Introduction

Triticeae, one of the 41 tribes belonging to the Poaceae family, is economically very important. The most significant representatives of the Triticeae are crops: wheat (Triticum aestivum), rye (Secale cereale), barley (Hordeum vulgare) and also many forage species. On the other hand, some Triticeae are harmful weeds (e.g. Elymus repens). Such an important taxonomic group is very intensely and universally examined. The number of recognized Triticeae taxa depends on morphological, ecological, cytological, karyological or genetical taxonomic criteria and there has been no consensus on this issue so far. The ease of interspecific or even intergeneric hybrid formation within the Triticeae results in a high number of the described taxa. Among these taxa both diploids and polyploids (either auto- or allopolyploids) can be found. The diploids and polyploids are linked with genetic relationships that form complex reticulate evolution patterns. Moreover, in the Triticeae, genomes of unknown origin were found, distinct from other genomes in the tribe. All issues mentioned above complicate the phylogenetic studies as well as species defining. Thus the number of the Triticeae genera varies from 18 (based on morphology; Clayton and Renvoize 1986) to 38 (based on the genomic criterion; Löve 1984) depending on the adopted taxonomic criteria. Currently, the widely applied generic classification, based mainly on the genome composition (Dewey 1984; Löve 1984), does not correspond to morphological divisions and causes delimitation of monotypic genera. However, it is more precise in reflecting the phylogenetic relationships and the evolutionary history.

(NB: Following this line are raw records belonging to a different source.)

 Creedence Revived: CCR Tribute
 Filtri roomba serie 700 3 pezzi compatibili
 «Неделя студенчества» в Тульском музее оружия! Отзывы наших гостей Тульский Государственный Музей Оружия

The chloroplast DNA (cpDNA) is a rich resource of phylogenetic information for the land plants. As the chloroplast genome is mostly maternally inherited among angiosperms, its sequence can help to identify maternal forms of the polyploid species. Thus the cpDNA sequence variation has been used to track maternal genealogy of the allopolyploid angiosperm taxa for circa 30 years. The cpDNA analysis has changed over time: starting from RFLP (restriction fragment length polymorphism) analysis of the whole chloroplast genome, through PCR–RFLP of selected loci, then sequencing of selected loci, to the recently applied whole chloroplast genome sequencing. The majority of phylogenetic and populational studies conducted on the chloroplast DNA so far has been based on the analysis of one or a few relatively short (1–2 kb) genomic fragments (e.g. Shaw et al. 2007).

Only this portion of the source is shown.